THE INPUT:
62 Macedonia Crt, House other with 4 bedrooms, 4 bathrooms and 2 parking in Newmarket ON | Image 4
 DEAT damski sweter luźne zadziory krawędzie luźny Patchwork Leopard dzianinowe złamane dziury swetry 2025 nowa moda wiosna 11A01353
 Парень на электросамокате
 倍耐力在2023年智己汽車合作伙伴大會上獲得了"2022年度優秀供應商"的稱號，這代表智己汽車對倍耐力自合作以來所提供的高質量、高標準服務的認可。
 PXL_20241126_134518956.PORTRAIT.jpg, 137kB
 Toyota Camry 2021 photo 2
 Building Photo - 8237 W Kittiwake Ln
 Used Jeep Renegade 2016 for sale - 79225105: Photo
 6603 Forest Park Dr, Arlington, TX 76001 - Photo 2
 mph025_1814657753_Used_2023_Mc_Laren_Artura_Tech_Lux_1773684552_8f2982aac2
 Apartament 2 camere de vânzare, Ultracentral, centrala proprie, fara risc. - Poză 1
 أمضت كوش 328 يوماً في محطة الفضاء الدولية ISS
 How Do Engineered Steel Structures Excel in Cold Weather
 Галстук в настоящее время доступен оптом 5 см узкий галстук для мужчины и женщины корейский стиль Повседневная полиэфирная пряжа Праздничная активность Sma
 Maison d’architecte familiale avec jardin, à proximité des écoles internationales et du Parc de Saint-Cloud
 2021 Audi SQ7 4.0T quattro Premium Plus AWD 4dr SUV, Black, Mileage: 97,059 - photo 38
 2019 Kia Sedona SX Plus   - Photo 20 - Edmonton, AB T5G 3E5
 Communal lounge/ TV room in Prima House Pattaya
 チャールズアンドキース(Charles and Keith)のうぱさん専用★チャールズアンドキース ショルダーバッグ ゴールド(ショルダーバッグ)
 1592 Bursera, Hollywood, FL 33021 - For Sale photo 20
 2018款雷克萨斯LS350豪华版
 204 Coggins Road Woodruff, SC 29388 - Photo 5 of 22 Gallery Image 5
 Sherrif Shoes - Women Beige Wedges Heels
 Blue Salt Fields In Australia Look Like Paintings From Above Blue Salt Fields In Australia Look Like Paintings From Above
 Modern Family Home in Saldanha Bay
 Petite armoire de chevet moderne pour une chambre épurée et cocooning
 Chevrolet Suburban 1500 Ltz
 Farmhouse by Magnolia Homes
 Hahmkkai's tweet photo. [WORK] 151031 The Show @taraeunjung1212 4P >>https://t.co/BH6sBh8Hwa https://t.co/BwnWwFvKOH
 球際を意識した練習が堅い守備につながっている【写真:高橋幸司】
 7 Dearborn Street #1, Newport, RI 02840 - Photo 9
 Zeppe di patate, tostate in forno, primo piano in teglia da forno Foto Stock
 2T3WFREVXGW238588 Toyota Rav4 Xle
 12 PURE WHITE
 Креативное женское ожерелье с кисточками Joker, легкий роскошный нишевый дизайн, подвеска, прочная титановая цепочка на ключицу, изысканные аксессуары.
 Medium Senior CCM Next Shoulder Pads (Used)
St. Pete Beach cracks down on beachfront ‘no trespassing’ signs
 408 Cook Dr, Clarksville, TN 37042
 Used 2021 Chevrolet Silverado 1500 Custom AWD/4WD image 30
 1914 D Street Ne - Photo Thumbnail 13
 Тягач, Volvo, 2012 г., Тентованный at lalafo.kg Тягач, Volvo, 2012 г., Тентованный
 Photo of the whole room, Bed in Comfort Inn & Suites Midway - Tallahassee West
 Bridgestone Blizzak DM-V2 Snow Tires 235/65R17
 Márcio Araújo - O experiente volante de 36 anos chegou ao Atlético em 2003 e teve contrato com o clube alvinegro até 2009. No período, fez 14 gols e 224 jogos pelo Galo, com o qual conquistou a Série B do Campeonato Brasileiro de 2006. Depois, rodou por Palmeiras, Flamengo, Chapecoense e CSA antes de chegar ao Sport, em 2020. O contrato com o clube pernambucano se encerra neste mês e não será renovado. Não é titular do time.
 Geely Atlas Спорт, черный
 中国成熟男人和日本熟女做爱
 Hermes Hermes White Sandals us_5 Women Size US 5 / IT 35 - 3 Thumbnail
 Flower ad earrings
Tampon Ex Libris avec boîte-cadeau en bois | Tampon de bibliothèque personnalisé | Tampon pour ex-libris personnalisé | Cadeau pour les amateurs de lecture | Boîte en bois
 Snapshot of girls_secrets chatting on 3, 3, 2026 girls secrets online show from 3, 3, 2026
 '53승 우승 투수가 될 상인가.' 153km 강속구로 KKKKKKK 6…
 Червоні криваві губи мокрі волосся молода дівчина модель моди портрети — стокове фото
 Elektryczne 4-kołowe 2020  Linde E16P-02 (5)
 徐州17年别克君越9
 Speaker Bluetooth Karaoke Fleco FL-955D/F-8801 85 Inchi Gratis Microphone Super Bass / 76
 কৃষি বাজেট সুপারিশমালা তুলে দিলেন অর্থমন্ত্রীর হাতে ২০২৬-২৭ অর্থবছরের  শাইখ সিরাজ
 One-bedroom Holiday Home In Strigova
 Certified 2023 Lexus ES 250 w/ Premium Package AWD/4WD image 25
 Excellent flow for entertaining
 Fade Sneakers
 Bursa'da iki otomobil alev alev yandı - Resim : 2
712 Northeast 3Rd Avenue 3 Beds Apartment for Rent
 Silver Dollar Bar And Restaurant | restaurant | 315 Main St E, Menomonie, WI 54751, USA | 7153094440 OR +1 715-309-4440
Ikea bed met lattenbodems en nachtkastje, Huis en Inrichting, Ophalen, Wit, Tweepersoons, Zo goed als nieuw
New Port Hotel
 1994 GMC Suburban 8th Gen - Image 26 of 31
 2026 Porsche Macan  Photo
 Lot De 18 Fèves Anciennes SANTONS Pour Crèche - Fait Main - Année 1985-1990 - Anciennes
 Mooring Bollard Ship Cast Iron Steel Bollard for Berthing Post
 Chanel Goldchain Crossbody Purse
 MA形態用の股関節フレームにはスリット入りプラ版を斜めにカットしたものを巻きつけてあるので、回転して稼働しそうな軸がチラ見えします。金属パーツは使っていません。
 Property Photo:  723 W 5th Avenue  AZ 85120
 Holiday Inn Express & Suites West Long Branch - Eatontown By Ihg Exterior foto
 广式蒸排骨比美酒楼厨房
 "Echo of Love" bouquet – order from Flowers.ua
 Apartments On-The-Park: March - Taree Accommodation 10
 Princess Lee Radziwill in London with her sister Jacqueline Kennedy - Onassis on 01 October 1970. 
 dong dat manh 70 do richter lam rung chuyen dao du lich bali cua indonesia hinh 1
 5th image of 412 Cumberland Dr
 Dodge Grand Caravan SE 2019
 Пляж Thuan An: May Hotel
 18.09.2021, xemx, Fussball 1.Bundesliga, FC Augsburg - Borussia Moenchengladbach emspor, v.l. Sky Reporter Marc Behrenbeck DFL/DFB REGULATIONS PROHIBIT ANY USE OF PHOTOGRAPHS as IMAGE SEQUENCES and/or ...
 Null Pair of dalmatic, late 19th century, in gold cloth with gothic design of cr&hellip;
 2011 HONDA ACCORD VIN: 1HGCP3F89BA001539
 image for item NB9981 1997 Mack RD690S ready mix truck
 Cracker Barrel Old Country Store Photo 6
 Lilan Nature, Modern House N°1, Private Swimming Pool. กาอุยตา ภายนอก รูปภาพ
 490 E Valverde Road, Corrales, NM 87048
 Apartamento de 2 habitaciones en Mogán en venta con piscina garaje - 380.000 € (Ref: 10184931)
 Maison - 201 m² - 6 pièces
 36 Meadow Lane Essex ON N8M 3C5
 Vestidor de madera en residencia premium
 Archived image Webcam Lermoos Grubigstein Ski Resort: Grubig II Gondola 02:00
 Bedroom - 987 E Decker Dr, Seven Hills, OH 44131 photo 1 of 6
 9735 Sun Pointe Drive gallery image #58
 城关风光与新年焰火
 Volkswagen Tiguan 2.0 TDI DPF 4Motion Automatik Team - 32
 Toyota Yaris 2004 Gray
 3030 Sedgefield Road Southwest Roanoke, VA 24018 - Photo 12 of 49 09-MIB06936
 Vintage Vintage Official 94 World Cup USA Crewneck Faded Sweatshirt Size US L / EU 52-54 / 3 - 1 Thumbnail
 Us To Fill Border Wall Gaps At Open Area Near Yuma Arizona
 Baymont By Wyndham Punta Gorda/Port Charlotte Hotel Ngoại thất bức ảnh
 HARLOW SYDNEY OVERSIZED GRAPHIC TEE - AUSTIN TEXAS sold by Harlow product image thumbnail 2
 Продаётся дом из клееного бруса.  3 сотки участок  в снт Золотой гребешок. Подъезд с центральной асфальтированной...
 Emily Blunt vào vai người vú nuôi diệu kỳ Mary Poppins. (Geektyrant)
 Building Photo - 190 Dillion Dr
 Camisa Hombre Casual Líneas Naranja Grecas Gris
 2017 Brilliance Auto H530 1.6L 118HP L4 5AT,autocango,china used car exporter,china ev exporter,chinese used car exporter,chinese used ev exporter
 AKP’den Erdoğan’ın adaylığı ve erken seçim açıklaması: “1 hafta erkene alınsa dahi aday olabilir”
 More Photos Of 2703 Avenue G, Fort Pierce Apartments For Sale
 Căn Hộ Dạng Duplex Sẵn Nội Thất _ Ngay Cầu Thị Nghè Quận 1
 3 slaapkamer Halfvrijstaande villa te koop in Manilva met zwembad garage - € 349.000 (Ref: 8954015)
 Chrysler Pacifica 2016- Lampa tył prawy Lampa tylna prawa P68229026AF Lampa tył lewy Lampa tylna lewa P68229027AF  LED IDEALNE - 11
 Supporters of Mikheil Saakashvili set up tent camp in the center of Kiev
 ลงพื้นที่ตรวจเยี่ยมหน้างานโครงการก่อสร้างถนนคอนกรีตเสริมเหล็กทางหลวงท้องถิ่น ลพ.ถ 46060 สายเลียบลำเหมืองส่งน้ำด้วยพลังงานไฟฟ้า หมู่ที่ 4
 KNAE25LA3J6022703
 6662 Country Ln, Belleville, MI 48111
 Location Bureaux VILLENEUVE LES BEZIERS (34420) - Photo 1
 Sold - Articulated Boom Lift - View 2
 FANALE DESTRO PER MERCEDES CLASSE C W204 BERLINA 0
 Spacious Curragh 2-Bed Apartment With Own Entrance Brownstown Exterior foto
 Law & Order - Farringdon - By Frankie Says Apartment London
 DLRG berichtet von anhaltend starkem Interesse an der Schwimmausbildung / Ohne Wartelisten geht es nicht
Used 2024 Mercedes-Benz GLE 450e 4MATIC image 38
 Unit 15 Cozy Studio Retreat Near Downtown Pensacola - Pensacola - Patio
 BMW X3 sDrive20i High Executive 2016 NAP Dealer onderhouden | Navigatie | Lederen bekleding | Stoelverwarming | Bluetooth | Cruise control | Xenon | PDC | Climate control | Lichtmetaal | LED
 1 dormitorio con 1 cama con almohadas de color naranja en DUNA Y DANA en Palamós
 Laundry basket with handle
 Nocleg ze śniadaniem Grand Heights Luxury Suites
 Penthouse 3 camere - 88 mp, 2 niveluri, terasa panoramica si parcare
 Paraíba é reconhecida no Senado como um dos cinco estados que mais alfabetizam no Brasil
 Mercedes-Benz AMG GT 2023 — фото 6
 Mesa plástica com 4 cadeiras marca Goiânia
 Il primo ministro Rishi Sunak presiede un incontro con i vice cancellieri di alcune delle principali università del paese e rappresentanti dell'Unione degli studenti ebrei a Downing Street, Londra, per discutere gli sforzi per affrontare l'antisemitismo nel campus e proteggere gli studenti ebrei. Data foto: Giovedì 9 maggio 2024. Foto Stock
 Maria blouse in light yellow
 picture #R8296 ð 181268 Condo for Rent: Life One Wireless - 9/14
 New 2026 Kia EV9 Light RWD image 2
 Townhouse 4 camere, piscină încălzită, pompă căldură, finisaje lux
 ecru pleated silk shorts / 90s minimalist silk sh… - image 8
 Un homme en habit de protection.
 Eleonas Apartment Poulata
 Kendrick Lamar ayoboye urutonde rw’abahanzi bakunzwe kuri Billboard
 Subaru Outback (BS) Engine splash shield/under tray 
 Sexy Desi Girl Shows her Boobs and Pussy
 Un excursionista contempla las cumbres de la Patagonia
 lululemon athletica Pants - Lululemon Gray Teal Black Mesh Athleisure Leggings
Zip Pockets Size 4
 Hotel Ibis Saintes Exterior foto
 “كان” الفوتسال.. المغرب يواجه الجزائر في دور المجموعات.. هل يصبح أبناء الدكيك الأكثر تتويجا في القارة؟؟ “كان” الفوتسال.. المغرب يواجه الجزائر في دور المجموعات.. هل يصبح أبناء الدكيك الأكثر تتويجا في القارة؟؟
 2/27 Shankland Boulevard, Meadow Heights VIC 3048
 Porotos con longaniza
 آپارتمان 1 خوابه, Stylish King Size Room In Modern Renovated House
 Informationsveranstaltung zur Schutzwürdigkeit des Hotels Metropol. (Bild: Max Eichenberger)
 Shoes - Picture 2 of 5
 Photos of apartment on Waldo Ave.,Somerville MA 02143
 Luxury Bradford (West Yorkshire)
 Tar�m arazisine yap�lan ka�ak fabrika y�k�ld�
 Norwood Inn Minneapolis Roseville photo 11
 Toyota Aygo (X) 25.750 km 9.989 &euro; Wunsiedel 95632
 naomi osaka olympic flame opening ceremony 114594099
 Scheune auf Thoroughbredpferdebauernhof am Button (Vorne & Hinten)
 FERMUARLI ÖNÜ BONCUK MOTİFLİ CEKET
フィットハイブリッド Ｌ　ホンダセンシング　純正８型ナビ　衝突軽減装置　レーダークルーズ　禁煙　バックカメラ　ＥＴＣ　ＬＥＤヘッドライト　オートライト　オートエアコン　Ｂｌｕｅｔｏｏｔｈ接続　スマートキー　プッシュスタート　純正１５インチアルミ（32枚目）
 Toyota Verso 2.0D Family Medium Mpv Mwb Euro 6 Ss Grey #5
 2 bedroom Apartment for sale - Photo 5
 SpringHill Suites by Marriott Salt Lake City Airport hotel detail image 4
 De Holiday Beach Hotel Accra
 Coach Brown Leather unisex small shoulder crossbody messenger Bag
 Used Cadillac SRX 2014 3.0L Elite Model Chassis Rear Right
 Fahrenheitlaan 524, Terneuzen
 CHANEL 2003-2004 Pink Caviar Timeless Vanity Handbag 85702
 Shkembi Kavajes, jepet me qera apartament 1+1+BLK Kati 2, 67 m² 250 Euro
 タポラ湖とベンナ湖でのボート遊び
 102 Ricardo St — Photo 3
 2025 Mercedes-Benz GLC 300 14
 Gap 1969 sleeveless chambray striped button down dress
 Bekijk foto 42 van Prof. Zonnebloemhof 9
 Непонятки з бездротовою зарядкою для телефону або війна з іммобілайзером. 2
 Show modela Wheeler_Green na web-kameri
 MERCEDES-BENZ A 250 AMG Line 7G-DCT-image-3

TASK ITEM:
Transcribe exactly the line containing "Coach Brown Leather" and all remaining lines of the material, ending with the last one.

FINISHED EXERCISE:
 Coach Brown Leather unisex small shoulder crossbody messenger Bag
 Used Cadillac SRX 2014 3.0L Elite Model Chassis Rear Right
 Fahrenheitlaan 524, Terneuzen
 CHANEL 2003-2004 Pink Caviar Timeless Vanity Handbag 85702
 Shkembi Kavajes, jepet me qera apartament 1+1+BLK Kati 2, 67 m² 250 Euro
 タポラ湖とベンナ湖でのボート遊び
 102 Ricardo St — Photo 3
 2025 Mercedes-Benz GLC 300 14
 Gap 1969 sleeveless chambray striped button down dress
 Bekijk foto 42 van Prof. Zonnebloemhof 9
 Непонятки з бездротовою зарядкою для телефону або війна з іммобілайзером. 2
 Show modela Wheeler_Green na web-kameri
 MERCEDES-BENZ A 250 AMG Line 7G-DCT-image-3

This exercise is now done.